Chinese investors are making their presence felt in all aspects of New Zealand real estate - in development, investment, trades, services, infrastructure, funding and the residential market.
PwC partner and China sector spokesman Colum Rice said that as the global economic centre of gravity moved East, China was changing the world, creating new opportunities for New Zealand businesses to tap into the world's fastest growing market.
China was now the world's second largest economy, having overtaken Japan in 2010, and it was estimated China's economic output would match the United States by 2027, he said.
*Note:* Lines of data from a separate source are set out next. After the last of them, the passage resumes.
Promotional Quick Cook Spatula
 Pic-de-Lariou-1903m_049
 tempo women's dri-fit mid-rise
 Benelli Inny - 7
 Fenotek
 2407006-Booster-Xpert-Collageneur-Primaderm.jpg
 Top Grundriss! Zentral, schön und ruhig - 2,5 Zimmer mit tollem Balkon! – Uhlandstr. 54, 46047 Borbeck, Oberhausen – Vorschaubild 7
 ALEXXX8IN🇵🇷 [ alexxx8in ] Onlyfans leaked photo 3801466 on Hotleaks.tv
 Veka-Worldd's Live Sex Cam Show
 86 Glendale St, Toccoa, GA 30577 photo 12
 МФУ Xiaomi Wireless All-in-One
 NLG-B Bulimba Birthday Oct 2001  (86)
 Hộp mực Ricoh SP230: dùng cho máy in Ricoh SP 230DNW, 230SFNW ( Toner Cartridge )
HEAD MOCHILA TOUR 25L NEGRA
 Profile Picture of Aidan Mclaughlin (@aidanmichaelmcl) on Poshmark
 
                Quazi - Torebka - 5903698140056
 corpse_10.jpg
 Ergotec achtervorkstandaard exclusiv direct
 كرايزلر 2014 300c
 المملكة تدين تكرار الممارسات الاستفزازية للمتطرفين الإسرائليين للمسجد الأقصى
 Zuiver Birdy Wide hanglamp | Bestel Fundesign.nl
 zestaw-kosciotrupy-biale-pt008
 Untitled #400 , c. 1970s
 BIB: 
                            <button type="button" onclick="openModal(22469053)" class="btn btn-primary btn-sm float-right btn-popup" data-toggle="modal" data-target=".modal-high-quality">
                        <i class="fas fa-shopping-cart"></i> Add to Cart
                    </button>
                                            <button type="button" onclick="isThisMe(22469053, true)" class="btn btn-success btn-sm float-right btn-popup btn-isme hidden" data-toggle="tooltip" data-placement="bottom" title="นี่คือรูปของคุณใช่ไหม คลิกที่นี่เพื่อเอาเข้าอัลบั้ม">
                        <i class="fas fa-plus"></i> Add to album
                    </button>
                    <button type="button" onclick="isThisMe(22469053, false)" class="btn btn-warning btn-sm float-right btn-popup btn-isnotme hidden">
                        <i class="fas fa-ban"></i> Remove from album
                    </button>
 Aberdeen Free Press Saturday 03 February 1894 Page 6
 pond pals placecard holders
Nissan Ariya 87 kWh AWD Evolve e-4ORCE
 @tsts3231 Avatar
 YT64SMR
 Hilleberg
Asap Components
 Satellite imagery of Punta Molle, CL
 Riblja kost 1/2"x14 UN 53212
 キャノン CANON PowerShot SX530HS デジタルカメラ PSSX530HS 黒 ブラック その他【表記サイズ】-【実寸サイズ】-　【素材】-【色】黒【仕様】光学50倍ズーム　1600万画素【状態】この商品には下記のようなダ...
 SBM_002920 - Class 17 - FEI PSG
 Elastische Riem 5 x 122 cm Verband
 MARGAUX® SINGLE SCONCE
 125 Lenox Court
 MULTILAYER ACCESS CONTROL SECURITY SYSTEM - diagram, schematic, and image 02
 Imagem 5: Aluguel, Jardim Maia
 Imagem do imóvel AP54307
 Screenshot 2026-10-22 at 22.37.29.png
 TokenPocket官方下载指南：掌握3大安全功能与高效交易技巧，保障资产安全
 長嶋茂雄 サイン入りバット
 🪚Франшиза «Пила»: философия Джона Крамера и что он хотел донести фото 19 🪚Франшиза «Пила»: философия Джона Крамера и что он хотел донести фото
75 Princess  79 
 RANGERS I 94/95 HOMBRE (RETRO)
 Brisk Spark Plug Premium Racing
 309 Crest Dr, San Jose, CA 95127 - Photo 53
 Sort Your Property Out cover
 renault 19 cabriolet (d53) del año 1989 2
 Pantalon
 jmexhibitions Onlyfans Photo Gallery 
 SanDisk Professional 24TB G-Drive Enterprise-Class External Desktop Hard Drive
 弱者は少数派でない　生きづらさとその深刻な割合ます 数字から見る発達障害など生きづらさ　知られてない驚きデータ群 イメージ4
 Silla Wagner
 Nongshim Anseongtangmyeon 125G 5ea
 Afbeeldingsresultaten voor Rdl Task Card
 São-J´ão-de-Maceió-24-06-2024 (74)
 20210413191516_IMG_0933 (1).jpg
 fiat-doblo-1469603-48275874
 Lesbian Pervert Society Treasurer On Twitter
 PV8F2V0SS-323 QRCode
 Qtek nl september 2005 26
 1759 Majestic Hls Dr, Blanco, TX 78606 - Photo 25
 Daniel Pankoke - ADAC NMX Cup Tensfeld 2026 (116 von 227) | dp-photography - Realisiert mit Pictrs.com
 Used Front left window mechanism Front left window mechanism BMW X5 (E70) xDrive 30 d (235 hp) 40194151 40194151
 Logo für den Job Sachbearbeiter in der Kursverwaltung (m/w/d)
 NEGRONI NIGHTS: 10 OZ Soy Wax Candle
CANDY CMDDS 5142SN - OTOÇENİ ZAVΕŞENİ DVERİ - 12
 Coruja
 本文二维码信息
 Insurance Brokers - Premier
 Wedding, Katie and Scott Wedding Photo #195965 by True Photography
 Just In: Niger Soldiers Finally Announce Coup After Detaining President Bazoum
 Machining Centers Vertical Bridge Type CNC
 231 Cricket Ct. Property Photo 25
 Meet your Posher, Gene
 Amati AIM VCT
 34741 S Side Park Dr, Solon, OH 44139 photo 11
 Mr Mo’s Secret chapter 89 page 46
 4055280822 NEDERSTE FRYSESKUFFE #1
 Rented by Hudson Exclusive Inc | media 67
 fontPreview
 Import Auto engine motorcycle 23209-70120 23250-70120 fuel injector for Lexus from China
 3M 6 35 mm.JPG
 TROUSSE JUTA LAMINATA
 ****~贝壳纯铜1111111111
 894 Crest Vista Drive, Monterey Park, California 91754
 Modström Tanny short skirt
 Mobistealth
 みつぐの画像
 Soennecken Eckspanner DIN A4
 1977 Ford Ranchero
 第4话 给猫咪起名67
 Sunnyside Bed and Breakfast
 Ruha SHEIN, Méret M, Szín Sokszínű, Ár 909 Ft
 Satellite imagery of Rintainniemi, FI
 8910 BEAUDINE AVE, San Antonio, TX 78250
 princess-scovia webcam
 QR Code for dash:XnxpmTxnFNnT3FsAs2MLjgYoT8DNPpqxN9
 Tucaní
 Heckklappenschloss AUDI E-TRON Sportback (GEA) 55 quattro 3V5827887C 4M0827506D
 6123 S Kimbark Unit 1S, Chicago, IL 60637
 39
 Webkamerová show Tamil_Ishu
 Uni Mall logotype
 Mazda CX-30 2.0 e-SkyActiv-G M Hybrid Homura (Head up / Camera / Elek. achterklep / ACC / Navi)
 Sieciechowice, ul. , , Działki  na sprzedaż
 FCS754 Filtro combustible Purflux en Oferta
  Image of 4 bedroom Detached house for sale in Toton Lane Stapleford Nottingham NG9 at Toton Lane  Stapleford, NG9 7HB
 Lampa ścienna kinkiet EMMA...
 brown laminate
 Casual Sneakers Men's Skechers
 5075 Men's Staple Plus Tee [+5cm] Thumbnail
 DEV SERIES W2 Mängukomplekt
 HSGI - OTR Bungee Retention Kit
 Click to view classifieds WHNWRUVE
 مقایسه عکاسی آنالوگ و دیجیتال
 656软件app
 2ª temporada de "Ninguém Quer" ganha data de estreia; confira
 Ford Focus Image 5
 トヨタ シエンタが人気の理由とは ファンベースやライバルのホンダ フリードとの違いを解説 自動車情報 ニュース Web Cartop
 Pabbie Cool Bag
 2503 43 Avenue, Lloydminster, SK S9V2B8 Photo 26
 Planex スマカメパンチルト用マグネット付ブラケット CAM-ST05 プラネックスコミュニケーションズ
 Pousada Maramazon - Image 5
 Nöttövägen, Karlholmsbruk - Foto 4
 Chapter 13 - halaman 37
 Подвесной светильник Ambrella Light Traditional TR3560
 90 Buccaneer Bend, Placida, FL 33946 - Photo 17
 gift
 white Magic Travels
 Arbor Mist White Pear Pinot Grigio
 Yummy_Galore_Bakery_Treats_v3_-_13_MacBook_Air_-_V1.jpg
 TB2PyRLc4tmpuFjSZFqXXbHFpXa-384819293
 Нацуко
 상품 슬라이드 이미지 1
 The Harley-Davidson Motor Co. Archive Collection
Murray Horton of the Campaign Against Foreign Control of Aotearoa (Cafca) said the independence of most countries was being eroded because most of the world's economy was owned and controlled by a small number of huge international corporations.
He opposes foreign investment here and promotes the concept of an independent New Zealand, free from global control.
Cafca's website mentions China 221 times, indicating many deals in many sectors.
Under 1.5 per cent of our total rural land area is in foreign hands, according to information company Terralink which has dispelled the myth that Kiwis are becoming tenants in their own country.
Using Overseas Investment Office data, it showed Crafar farms accounted for more than 50 per cent of dairying land consented for foreign ownership since 2005 and more of the country's industrial and commercial land was being sold to foreigners than any other land category.
Farm sales get all the public attention, Terralink said, but office blocks and factories were more likely to be foreign-owned.
On the housing front, Chinese buyers that come to Auckland are said to be paying top dollar, fuelling fears they are contributing to skyrocketing property prices around the country, although agents say only New Zealand residents can buy so the idea of absentee Chinese landlords can be discounted.
Real estate agent Graham Wall had two deals to sell Mission Bay houses to Chinese buyers and he went to Shanghai in the winter to drum up further interest.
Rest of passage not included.